International Whaling Commission
The worldwide outcry against the slaughter of whales in the 1980s led to the member countries of the International Whaling Commission voting for a global moratorium banning the whaling of 10 species of 'great whale' for commercial purposes. After decades of hunting, whale populations had been reduced to a mere fraction of their former levels and many species were perilously close to extinction. The moratorium has remained in place since 1986 and is allowing whales some respite to slowly begin to recover their populations, although they still battle many other threats such as shipping collisions, seismic disturbance, marine debris, pollution and the environmental changes brought by global warming. For some species of great whale the moratorium may have come too late, numbers of Blue Whale, Northern Right Whale and Gray Whale still teeter close to extinction.
Sadly, the whaling moratorium was only a temporary win and not all IWC countries respect it; both Japan and Norway have continued hunting whales. Both countries are determined to bring an end to the moratorium and with each annual meeting of the International Whaling Commission the moratorium looks ever more precarious.
Norway took out a reservation against the moratorium, and under IWC rules this means it's whaling industry has been allowed to continue killing Minke whales in the north east Atlantic.
Under the rules of the IWC, which were set up in the 1940s, countries are also allowed to issue permits to kill whales for scientific purposes.

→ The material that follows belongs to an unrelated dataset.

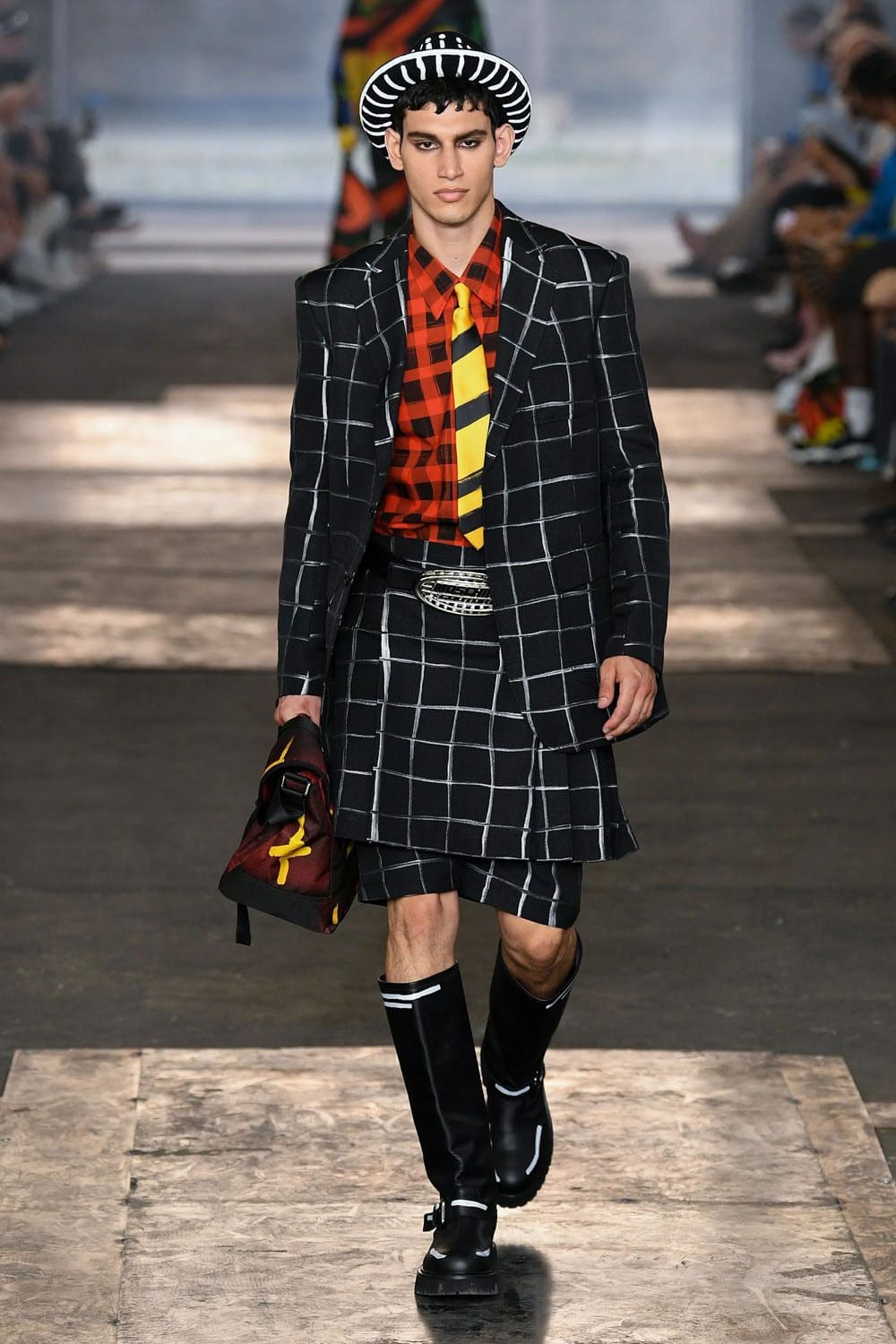 Moschino Homme Printemps Été 2023 Runway Magazine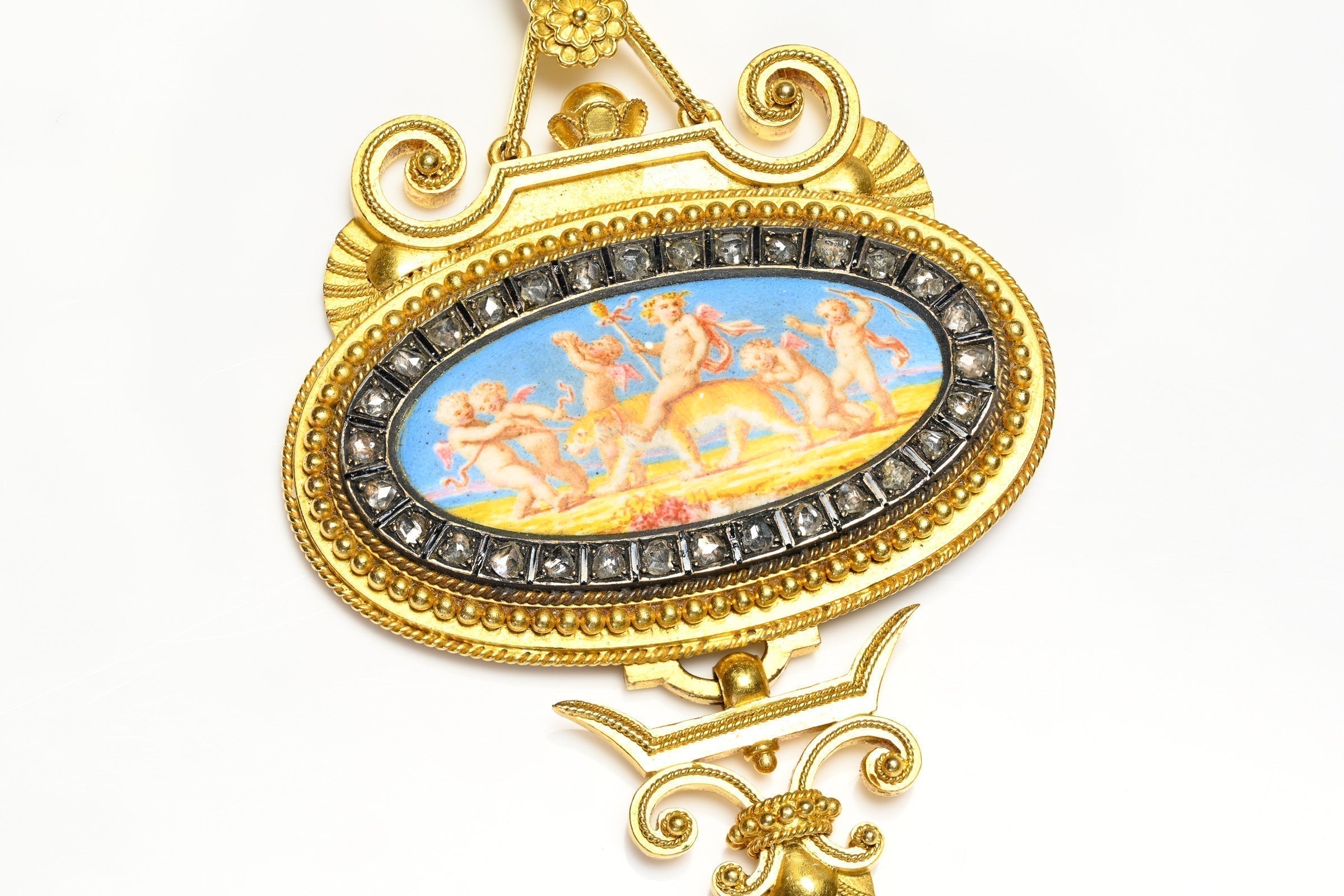 Top Reasons Why Branded Antique Jewelry Is The Best Investment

It is this loophole that Japan exploits to continue its whaling interests.
HSI always has a team of campaigners at the annual IWC meetings, lobbying to ensure the moratorium remains in place, scientific whaling is strongly opposed and proper conservation measures are taken to protect whale and dolphin populations. Considerable effort has gone into lobbying for sanctuaries, lately for a whale sanctuary in the South Pacific to compliment those already achieved in the Southern and Indian Oceans.